6. If your children are not use to the availability of materials make sure to explain the new system to them or the items will sit on the shelf collecting dust!!!
7. Continue with your lessons as adapted/rewritten by yourself or in your curriculum. After a few dips into informal unit studies (we use them only for topics the kids want to explore in-depth, not everything!) you will begin to see your children making their own connections more readily without you having to say a word. For young learners make sure to include plenty of educational play items. When they were younger my girls made paper dolls or simple costumes for every time period we covered in ancient history. Instead of narrations I often just watched their free play to see how they were re-enacting all those great stories we had read. ZooToobs has some great toys for the ancients and animal habitats and once you get tired of picking the toys up they are great for making shoebox dioramas! With today’s technology, many children use their toys to create great videos based on what they are learning. Somewhere we have a great video the kids made featuring Greek gods and monsters that they improvised using Imaginext toys and Bionicles.
8. Sometimes it is fun to do a wrap-up activity to signal the end of the unit study. My kids have done a mini Greek play, the aforementioned video, a Mesopotamian dinner, a diorama of the Serengeti and so on as unit study wrap-ups.
Thoughts on Informal Unit Studies
In many ways, these are mini-unit studies rather than the full-blown unit studies we are used to. With a CM Education, the unit studies should enhance, or adapt, your regular lessons and not necessarily replace them. As an example, instead of breaking up Ancient Egypt and Ancient China into chronological segments that way Story of the World did we studied them as mini-unit studies using our regular history materials with videos, games and roleplaying added in. The children strongly disliked the disjointed approach of SOTW so I used unit studies as a format for them to see how everything within that civilization related to each other. We also did some informal comparisons of Ancient Egypt to modern Egypt and the same with Ancient vs. modern China.

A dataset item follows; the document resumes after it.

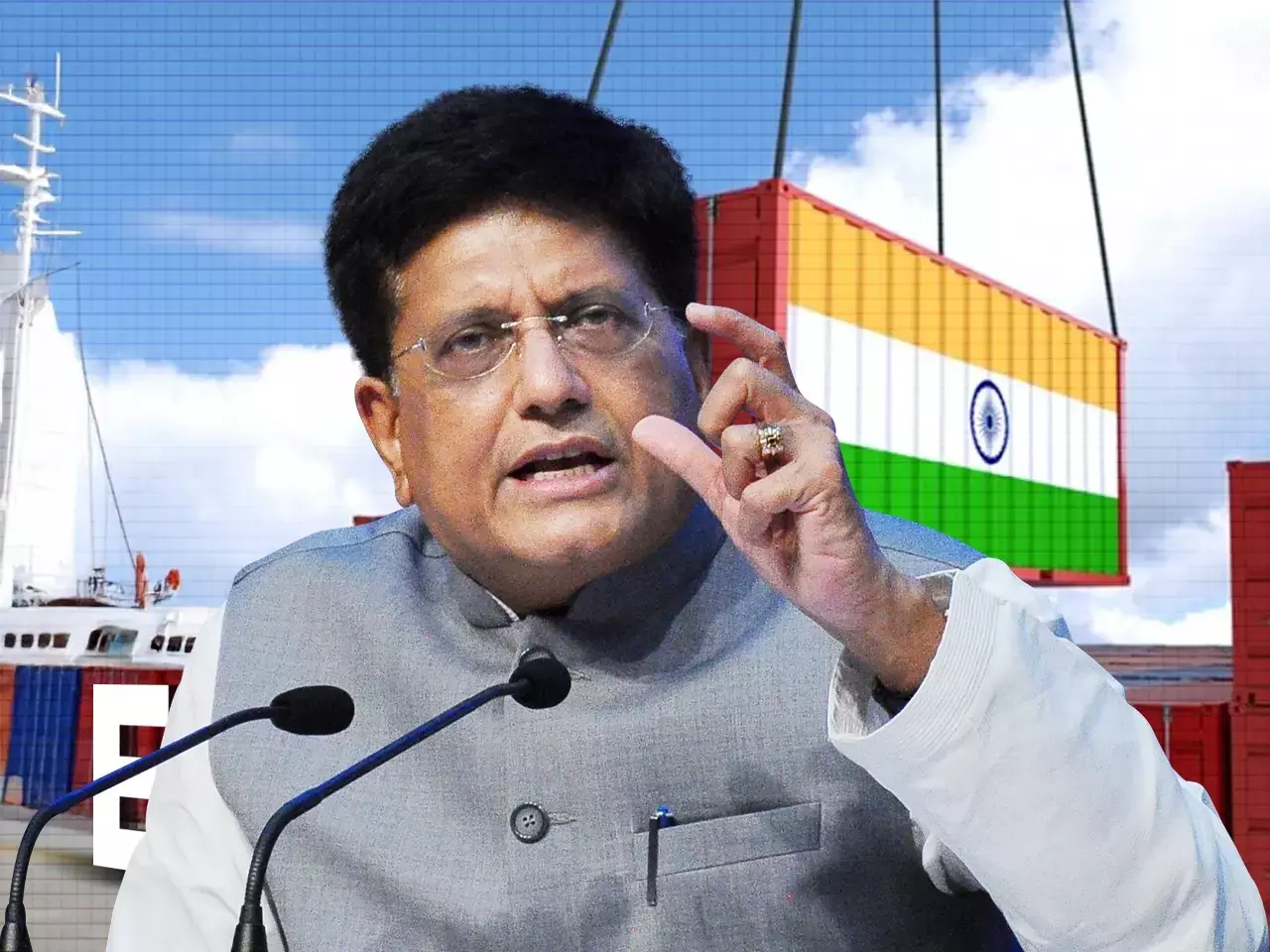 india comes up with new export growth strategy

This provided a way of livening up our history lessons and making it seem more alive for the kids without me spoonfeeding information to them.
As long as you are not spoon feeding information to your children and you are not making connections and relationships for them there is no way to do an informal unit study incorrectly! Truly, it is so simple that my girls sometimes create their own unit studies with what they can find around the house.
Recommended Resources for Informal Unit Studies
I have not come across one single unit study program that I would recommend for use with Charlotte Mason! ALL of them spoonfeed information and make the connections for the child which is the direct opposite of what Ms. Mason advocated. Instead, I have found it useful to just adapt the materials I am already using, such as the Ancient Egypt example where we simply combined all of the Ancient Egypt chapters in SOTW, rather than doing those chapters in the order written. For the elementary years, I have used some teacher resources for supplementing my own materials. I am particularly fond of the Literature and Thematic Unit resource books from Teacher Created Materials. We have NEVER used those books cover to cover. Instead, the kids and I go through them together determining which activities they actually WANT to do. I’ve noticed they focus on the drawing and hands-on activities, skipping much of the writing assignments. I do use the background information and test questions in my verbal discussions with the kids. The formal test questions are often easily adapted into more narrative-friendly questions. In general, my middle schooler and high schooler do not enjoy unit studies a much as they did when they were younger so we are slowly easing out of this method of learning.